İmmün plazmanın denenmesi gereken önemli bir tedavi alternatifi olduğunu vurgulayan Gür, bunu yaparken 3 soruya cevap verilmesi gerektiğini belirterek şunları söyledi:

"Birincisi, bu plazmaları aldığımızda plazmalarımız güvenli mi? Bu sorunun cevabını birkaç açıdan vermemiz gerekiyor. Patojenler, mikroplar ve diğer zararlı maddeler açısından. Bizim Türkiye'ye getirmiş olduğumuz riboflavin dediğimiz B2 vitaminiyle kombine edilmiş ışınlama sistemi Türkiye'deki ilk ve tek teknoloji. Bununla birlikte biz, patojenlerden arındırıyoruz, bu büyük bir avantaj. İkincisi, Türkiye'de yapılmış olan bu arındırma sistemi COVID-19'da etkin mi? Bununla ilgili yapılan birçok çalışmada COVID-19'da bizim riboflavinle başlatmış olduğumuz sistemde etkin olduğuna dair bilimsel çalışmalar var. Üçüncüsü, özellikle yoğun bakımda akciğer solunum kapasitesi azalmasına bağlı olarak akut solunum sıkıntısından kaybediyoruz hastaları. Bu sistem, akciğerdeki solunum sıkıntısına sebebiyet veren iltihabı başlatan faktörleri yok ediyor. Türkiye'ye getirmiş olduğumuz bu sistem ile hastada ciddi bir rahatlama sağlıyor."

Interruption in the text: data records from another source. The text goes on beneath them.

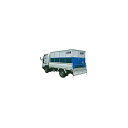 ホース長3m トラックコンベア KD-ZTシリーズ KD-22ZT30R5 籾 麦 搬送機 収穫 斉藤農機 サイト— SAITO オK 個人宅配送不可 代引不可(4)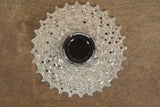 11-28T Shimano 105 CS-5800 11 Speed Road Cassette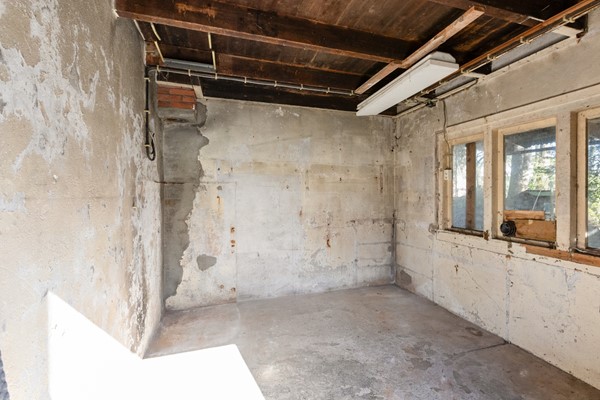 Medium property photo - Kapitein Postmalaan 7, 6582 CH Heumen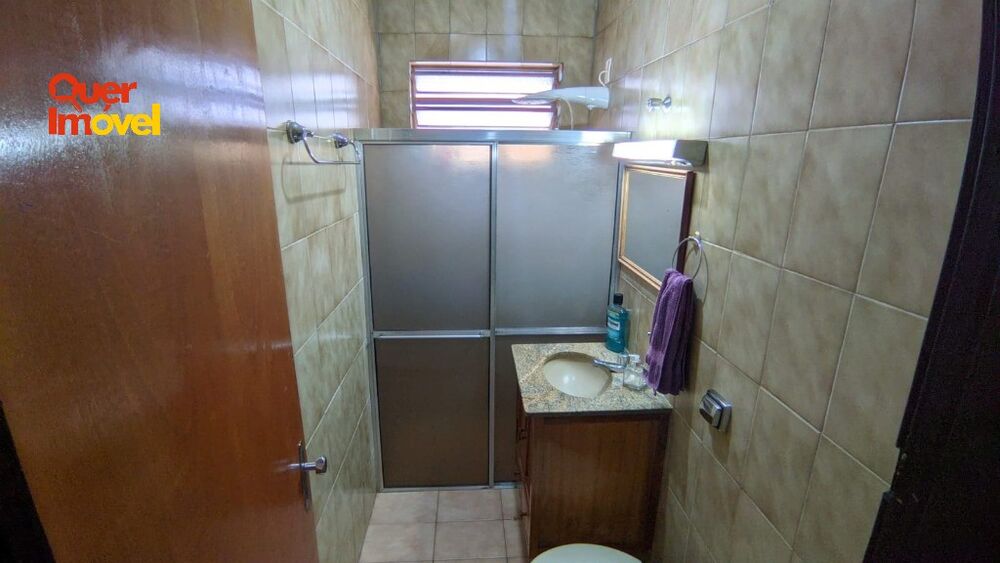 Casa, 4 quartos, 215 m² - Foto 8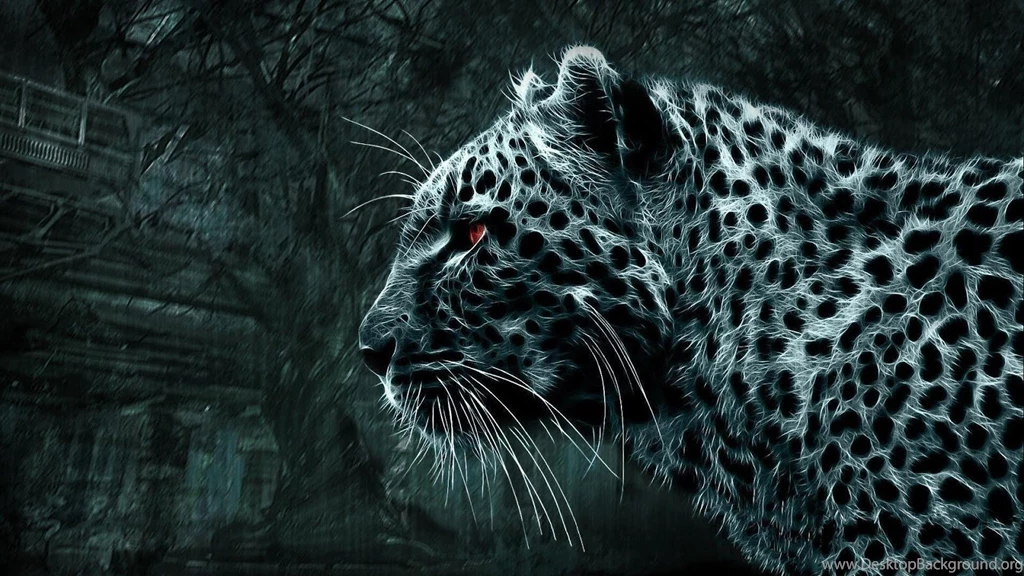 Parallax Wallpapers Part 1 Android Apps On Google Play
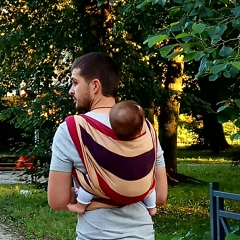 Вадим Барладян, 18.10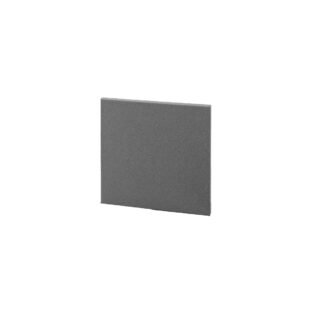 3238020 — Plaque d'obturation pour ventilateurs / filtres de sortie — Rittal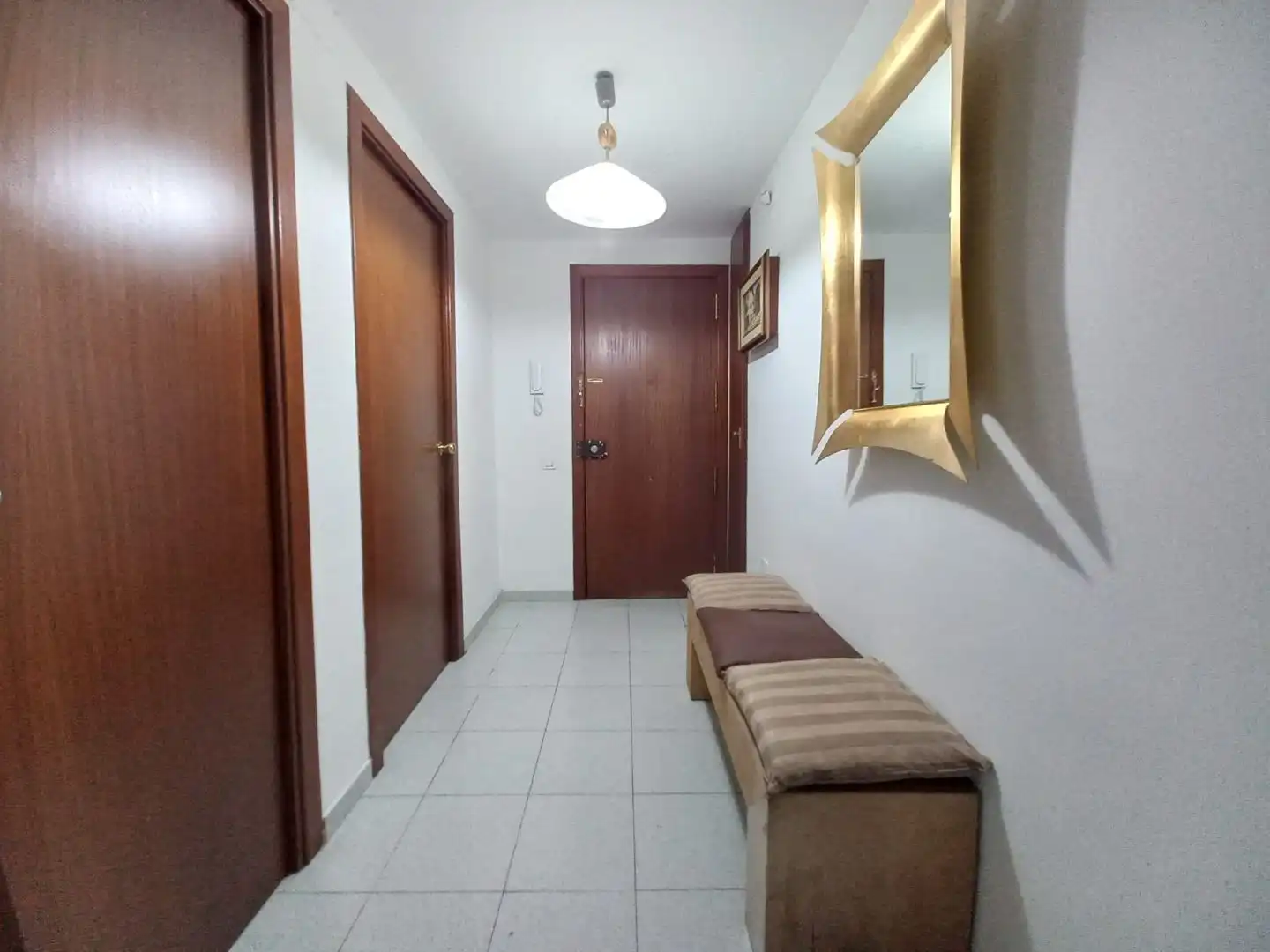 Appartamento con ascensore in vendita a Carrer de la Creu 13, imagen 3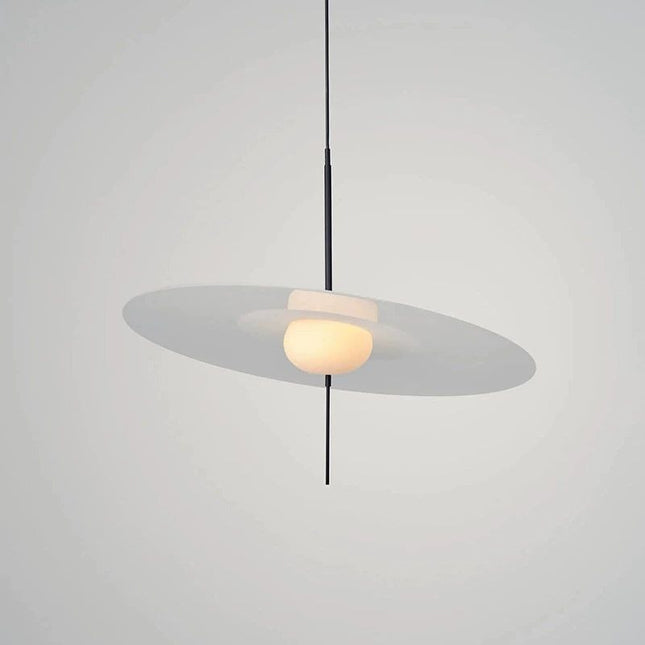 Pendant Light TANTER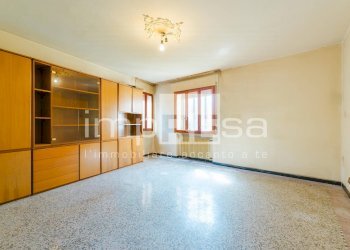 Foto 3 - Independent house Viale P. F. Calvi
 
28, Vittorio Veneto - photo 3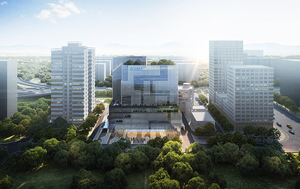 Scalable Cost-Effective <strong>Architectural</strong> Design for Growing Businesses Commercial Mixed-Use Projects in Construction &amp; Real Estate - Product Image 3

Sistemin herhangi bir zararı olmadığını aktaran Gür, diğer sistemlerin 24 saatte arındırma yaptığını ancak bu sistemin 7 dakikada arındırma yapabildiğinin bilgisini verdi. Prof. Dr. Ali Gür, şöyle konuştu:

"Devletimiz en güvenli sistemleri Türkiye'ye getirdiği için şu an elimizde hali hazırda dünyanın en güvenli sistemleri var. Bunlarla arındırarak plazma tedavisi yapacağız. Donörlere ihtiyacımız var. İyileşmiş hastalarımız bu konuda lütfen biraz fedakarlık yapsınlar."